(STORED DATA)

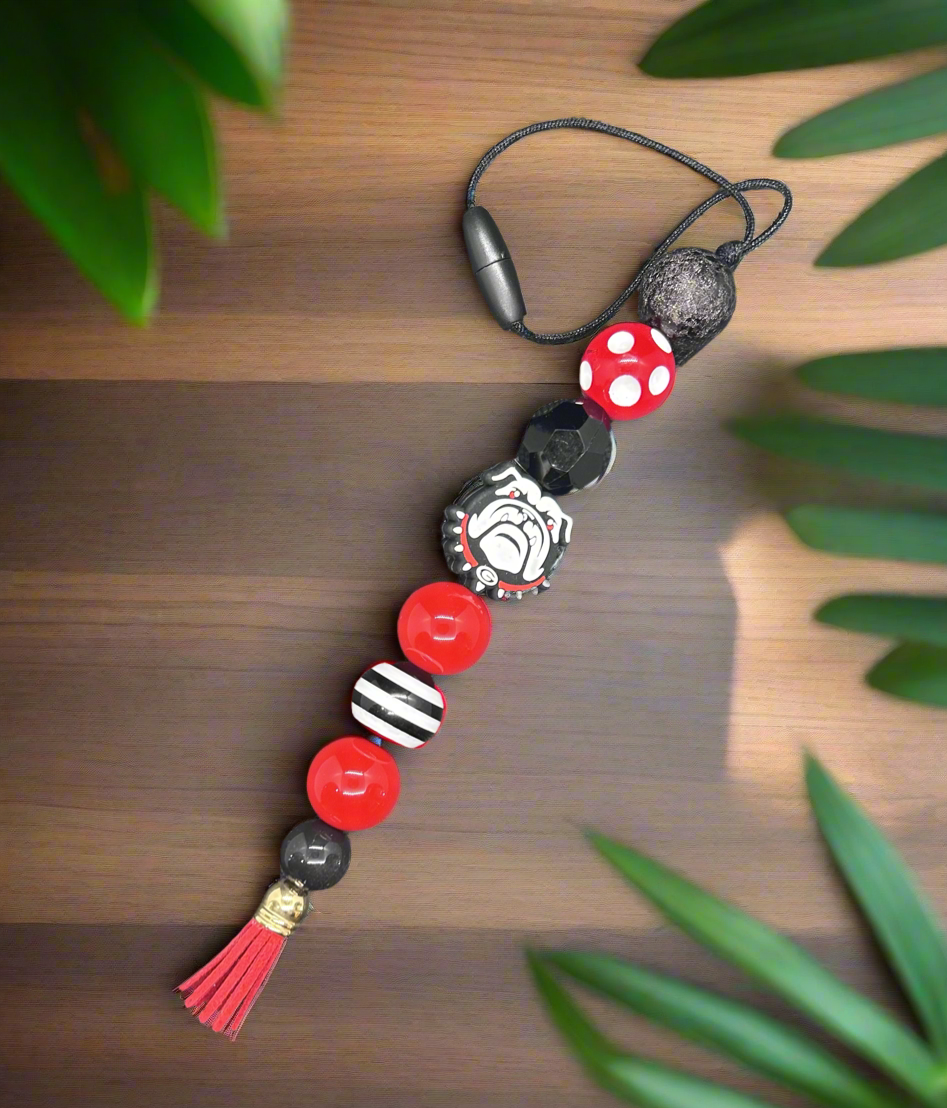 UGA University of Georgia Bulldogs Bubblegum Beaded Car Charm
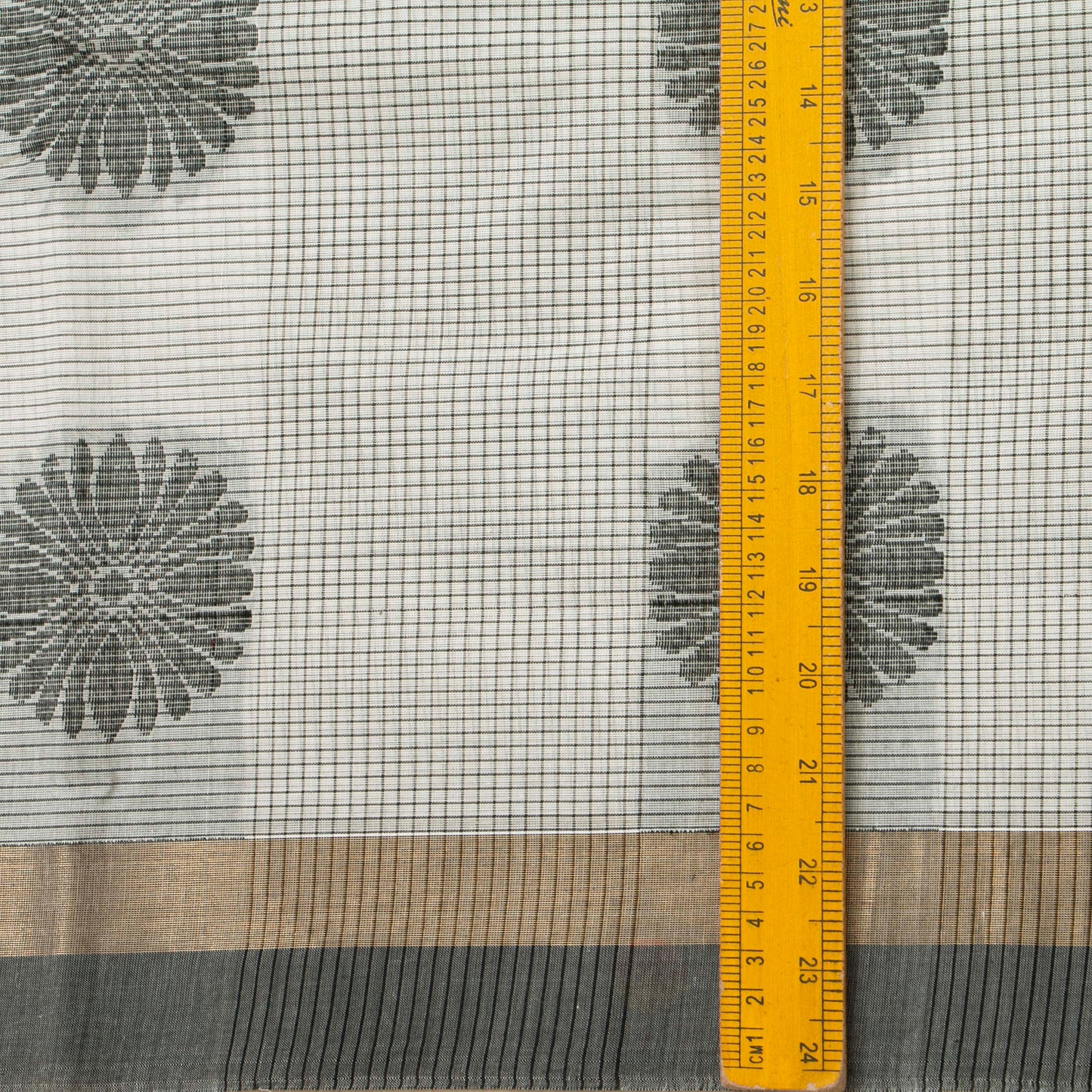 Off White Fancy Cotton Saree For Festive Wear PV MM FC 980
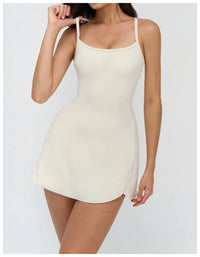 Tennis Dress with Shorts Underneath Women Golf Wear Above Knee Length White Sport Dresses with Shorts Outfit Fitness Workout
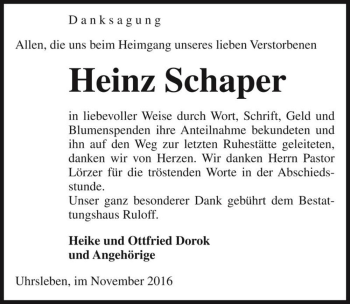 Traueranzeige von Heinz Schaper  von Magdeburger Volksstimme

(End STORED DATA)

> [ASSIGNMENT] Return the listing above unchanged, apart from dropping its pictures.

> [RESULT]
 UGA University of Georgia Bulldogs Bubblegum Beaded Car Charm
 Off White Fancy Cotton Saree For Festive Wear PV MM FC 980
 Tennis Dress with Shorts Underneath Women Golf Wear Above Knee Length White Sport Dresses with Shorts Outfit Fitness Workout
 Traueranzeige von Heinz Schaper  von Magdeburger Volksstimme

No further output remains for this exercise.